_What to produce_
For this exercise, an exact copy is needed of only the lines from the one containing "Woman,-smile-and-card-in-bed-of-hospital" through the end of the data, with pictures left out.

_Source data_
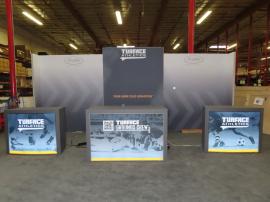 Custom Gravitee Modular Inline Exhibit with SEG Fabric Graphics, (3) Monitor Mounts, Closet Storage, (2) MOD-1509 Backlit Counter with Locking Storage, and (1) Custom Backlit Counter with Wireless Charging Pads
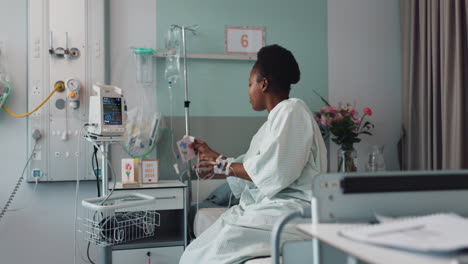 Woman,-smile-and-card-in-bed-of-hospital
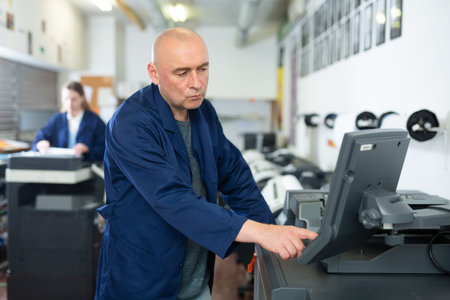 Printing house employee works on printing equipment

_Solution to this task_
 Woman,-smile-and-card-in-bed-of-hospital
 Printing house employee works on printing equipment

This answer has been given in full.